1710. Consistent with paragraph 123.5(1)(b), proceedings that relate to security classified information (as defined in section 121.1) must also not be initiated unless the Attorney-General has certified that, at the time of the conduct that is alleged to constitute the offence, it was appropriate that the information had a security classification. The Attorney-General will need to receive briefing from the originating agency about the appropriate level of security classification that should be applied to the information. This will ensure that a person is safeguarded from prosecution for an offence relating to information classified secret or top secret if the classification was not appropriate at the time the person committed the offence. For example, a document may have been created many years ago, when it appropriately carried a classification of TOP SECRET but given the passage of time the document may now not be sensitive and may be unclassified. In these circumstances, certification could not be given.

1711. As long as a classification of either SECRET or TOP SECRET is appropriate, the Attorney-General will be able to give a certification under paragraph 123.5(1)(b). For example, if a document was classified as TOP SECRET two years ago, but now appropriately carries a classification of SECRET, the Attorney-General will be able to give the certification.

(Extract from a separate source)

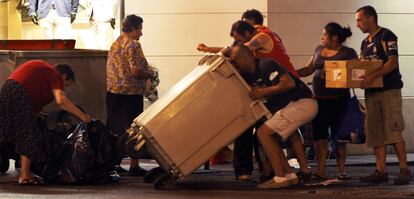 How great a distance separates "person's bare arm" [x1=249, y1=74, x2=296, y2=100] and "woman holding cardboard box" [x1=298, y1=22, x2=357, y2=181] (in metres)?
0.84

1712. Subsection 123.5(2) clarifies that the following steps can be taken towards preparing for proceedings, without the written consent of the Attorney-General having been given:

a person may be arrested for the offence and a warrant for such an arrest may be issued and executed
a person may be charged with the offence, and
a person so charged may be remanded in custody or on bail.

1713. Subsection 123.5(3) provides that nothing in subsection 123.5(2) prevents the discharge of the accused if proceedings are not continued within a reasonable time. Australian common law recognises that a prosecution may be stayed where there is undue delay, to protect Australia's justice system from abuse of processes. The right to stay a prosecution also supports the Court's role in providing procedural fairness to a defendant, and helps maintain public confidence in the administration of justice. It is therefore appropriate that subsection 123.5(3) specify that the steps towards commencing proceedings as described at subsection 123.5(2) do not prevent the discharge of the accused if proceedings are not continued within a reasonable time.

1714. Subsection 123.5(4) provides that the Attorney-General must consider whether the conduct constituting an offence against Part 5.6 of the Criminal Code might be authorised in a way mentioned in subsection 122.5.

1715. Subsection 122.5 provides defences to offences against Part 5.6. Therefore, the effect of subsection 123.5(4) is to ensure that the Attorney-General consider whether an accused's conduct might be authorised as described in a defence when considering whether to provide consent to prosecute.

Item 7 - Application

1716. This item provides that the amendments made by Part 1 of Schedule 2 of the Bill apply to conduct that occurs on or after the commencement of this item.